§ **Material for this task**
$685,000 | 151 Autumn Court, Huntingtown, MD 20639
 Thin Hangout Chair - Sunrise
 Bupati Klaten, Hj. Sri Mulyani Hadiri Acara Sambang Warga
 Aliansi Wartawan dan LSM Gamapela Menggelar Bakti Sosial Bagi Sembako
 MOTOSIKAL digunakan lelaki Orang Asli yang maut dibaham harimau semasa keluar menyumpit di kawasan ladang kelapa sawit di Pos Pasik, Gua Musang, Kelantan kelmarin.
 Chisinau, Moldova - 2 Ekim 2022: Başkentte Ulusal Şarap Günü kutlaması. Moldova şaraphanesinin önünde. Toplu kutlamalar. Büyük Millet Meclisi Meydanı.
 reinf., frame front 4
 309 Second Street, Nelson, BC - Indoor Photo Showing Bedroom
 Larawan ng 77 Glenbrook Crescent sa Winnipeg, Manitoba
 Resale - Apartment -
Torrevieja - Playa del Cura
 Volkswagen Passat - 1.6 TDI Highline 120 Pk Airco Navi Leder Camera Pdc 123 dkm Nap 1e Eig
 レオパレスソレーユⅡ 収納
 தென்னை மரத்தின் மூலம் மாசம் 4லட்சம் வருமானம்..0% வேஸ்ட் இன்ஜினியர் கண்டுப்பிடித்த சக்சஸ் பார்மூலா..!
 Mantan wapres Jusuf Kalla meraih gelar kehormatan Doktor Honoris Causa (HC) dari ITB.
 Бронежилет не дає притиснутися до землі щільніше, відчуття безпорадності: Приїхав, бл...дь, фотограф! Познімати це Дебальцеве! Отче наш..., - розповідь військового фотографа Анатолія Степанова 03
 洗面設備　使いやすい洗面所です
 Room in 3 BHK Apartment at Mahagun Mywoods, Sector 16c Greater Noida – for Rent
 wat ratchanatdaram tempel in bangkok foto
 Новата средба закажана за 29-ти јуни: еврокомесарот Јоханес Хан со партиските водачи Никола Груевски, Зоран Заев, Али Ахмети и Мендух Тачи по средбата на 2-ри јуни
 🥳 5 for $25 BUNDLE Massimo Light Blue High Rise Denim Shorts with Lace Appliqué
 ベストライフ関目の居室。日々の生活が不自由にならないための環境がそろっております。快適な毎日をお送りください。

§ **Directions**
Some lines in the data above hold the string "Apartment". Find and copy each of them.

§ **Task solution**
 Resale - Apartment -
 Room in 3 BHK Apartment at Mahagun Mywoods, Sector 16c Greater Noida – for Rent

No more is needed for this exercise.